We do see slight performace deltas on eneabling and disabling the flags

dremio version:
24.2.11-202404102036120114-d9c69a0e

Thanks,
Pavan
sucess.zip (1.6 MB)
failure-flag-enabled.zip (1.5 MB)

[@Julian_Kiryakov] [@balaji.ramaswamy] can you investigate the memory issue?.


dd7128a5-bc5b-4b6b-a9ab-af583056c722.zip (1.6 MB)
I dont see any disk spill. This is success case. But there are scenarios we are getting OOM no disk spill happening. Please les us know the config to enable diskspilling for operators.

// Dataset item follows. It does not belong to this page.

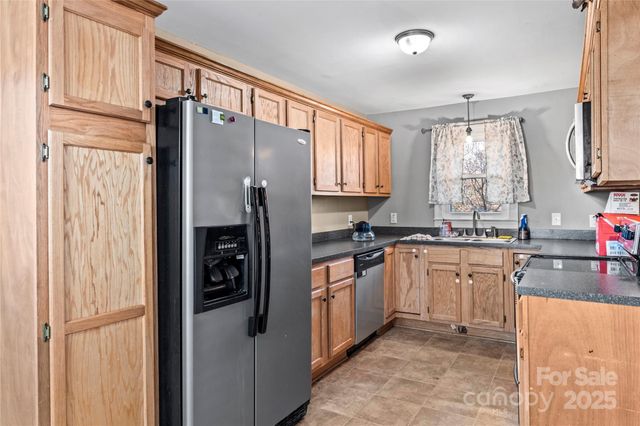 133 South Street 99, Elkin, NC 28621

Here is a scenario where the Hash aggregate operator is failing without using disk spill.
26e4b5db-4b10-41f1-b854-307b2fe75643.zip (729.2 KB)

@pavankumargundeti

The first profiles you uploaded, the failed one seems to have an unresponsive executor situation. The third and fourth profiles have completely different plans. I see a lot of support keys toggled. Let’s do this. Reset the keys below and run the query, if it fails, send the profile

exec.operator.partitioner.vectorize
exec.operator.sort.external.spill.allocation_density
exec.op.join.spill
exec.operator.copier.complex.vectorize
exec.operator.aggregate.vectorize
exec.operator.aggregate.vectorize.use_spilling_operator

You can download the output of sys.options to revert back later. Alternatively, use alter session

Thanks balaji for your initial observations. Attaching the 3 profiles of jobs of reflection failed with OOM. I toggled/reset the needed flags. Let me know your observations on Hashaggregate operator. These reflections does not had issues when exec.operator.aggregate.vectorize.use_spilling_operator false.
a8898afd-9dbf-4ace-a5a0-af8a06b5b76b.zip (946.9 KB)
f6bd1360-f121-48f3-8061-b448891e324e.zip (1.5 MB)
fd25a87f-5f82-423c-b915-7fd19def732f.zip (1.5 MB)